- Venue: White City Stadium
- Location: White City, London
- Start date: 13 June
- End date: 27 June
- Total prize money: £3,000 (winner)

= 1964 English Greyhound Derby =

The 1964 Greyhound Derby took place during June with the final being held on 27 June 1964 at White City Stadium.
The winner was Hack up Chieftain and the winning owner Mr S Donohue received £3,000. He was bred by Leslie McNair.

== Final result ==
At White City (over 525 yards):

| Position | Name of Greyhound | Breeding | Trap | SP | Time | Trainer |
|---|---|---|---|---|---|---|
| 1st | Hack up Chieftain | Knock Hill Chieftain - Bunclody Queen | 1 | 20-1 | 28.92 | Percy Stagg (Belle Vue) |
| 2nd | Die Cast | Crazy Parachute - Brennans Girl | 2 | 2-1f | 29.04 | Jimmy Rimmer (Wembley) |
| 3rd | Rupuninni | Knock Hill Chieftain - Lovely Sister | 5 | 3-1 | 29.26 | Jim Irving (Private) |
| 4th | We'll See | Knock Hill Chieftain - Bunnykins | 4 | 9-4 | 29.38 | Joe Pickering (White City - London) |
| 5th | Crazy Platinum | Crazy Parachute - Bridgetown Girl | 6 | 8-1 | 29.42 | Bessie Lewis (Private) |
| 6th | Scamp Boy | Keep Moving - Flying Fanny | 3 | 5-1 | 29.56 | Bessie Lewis (Private) |

=== Distances ===
1¾, 3, 1¾, 1¾, 2 (lengths)

The distances between the greyhounds are in finishing order and shown in lengths. From 1950 one length was equal to 0.08 of one second.

== Competition report==
The best bitch in the country Cranog Bet was one of the market leaders when the ante-post lists were compiled; the Phil Rees trained January 1962 whelp was aiming to become just the third bitch in history to win the Derby. Leading Midlands trainer Joe De Mulder sent a strong team headed by Cahara Rover the Pall Mall Stakes, Birmingham Cup and Stewards Cup champion. Scottish Greyhound Derby winner 'We’ll See' now in the hands of Joe Pickering was also considered a leading entry. The betting was Cahara Rover 14-1, Lucky Wonder, Fairy Chum, Fleadh Music, Cranog Bet all 20-1.

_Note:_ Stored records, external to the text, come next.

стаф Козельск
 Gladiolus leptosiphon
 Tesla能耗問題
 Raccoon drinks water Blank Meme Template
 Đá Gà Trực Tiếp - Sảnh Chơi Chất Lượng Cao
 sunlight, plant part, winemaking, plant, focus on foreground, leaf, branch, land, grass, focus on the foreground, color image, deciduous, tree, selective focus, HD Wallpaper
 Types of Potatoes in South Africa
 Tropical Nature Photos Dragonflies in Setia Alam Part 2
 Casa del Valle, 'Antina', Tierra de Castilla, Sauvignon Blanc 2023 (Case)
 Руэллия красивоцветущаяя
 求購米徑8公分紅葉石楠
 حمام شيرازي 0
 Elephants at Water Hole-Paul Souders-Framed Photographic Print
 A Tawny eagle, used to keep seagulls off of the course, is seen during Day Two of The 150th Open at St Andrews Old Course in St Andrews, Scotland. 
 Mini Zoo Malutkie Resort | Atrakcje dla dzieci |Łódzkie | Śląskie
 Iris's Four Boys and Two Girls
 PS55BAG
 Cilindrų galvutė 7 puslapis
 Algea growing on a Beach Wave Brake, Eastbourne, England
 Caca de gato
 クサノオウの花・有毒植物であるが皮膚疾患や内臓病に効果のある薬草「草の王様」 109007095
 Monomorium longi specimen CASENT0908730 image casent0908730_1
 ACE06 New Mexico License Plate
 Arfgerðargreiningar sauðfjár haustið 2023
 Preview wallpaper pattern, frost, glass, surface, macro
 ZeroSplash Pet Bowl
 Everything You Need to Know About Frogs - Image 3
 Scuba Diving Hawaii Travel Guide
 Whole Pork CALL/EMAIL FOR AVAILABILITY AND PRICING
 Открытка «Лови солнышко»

Cranog Bet was eliminated during the first round continuing the trend of ante-post favourites failing to pass the first stage. One of the main Irish entries called Wonder Valley also failed to make it past round one, he had exceptional pace but his large size meant that he tended to encounter trouble. Cahara Rover and We’ll See safely progressed to round two.

The second round saw Scamp Boy and Jerpoint Prince oblige as favourites and the well supported Rupunnini and Die Cast claimed the other two heats. The semi-finals were disappointing because the greyhounds encountered so much trouble. The first semi left 20-1 chance Crazy Platinum in front after missing first bend trouble, he held off Die Cast and Rupuninni, both of whom had recovered well to make the final. The second semi was won in 29.77 slower than some of the graded* races and Cahara Rover and Jerpoint Prince were both knocked over. We’ll See finished first with Scamp Boy and Hack It Chieftain taking the minor places.

The final had three runners connected to Scotland and three from England. Bessie Lewis had travelled from near Mount Vernon in Glasgow and We’ll See was owned by Scotsman Harry Louden. The newspapers picked up on the fact and announced that it was the England versus Scotland final. The final was seen as being wide open with Die Cast starting 2-1 favourite. First to break was Crazy Platinum followed by We’ll See but both bumped each other at the first bend effectively ending the chances of the pair. Hack Up Chieftain went through a gap that appeared and took full advantage by going on to win the race at odds of 20-1, the first time the rank outsider in the final had claimed the crown. Die Cast finished well to take second place.

Graded races* (Races for slightly slower greyhounds, graded on ability on a number scale, usually from 1-9.)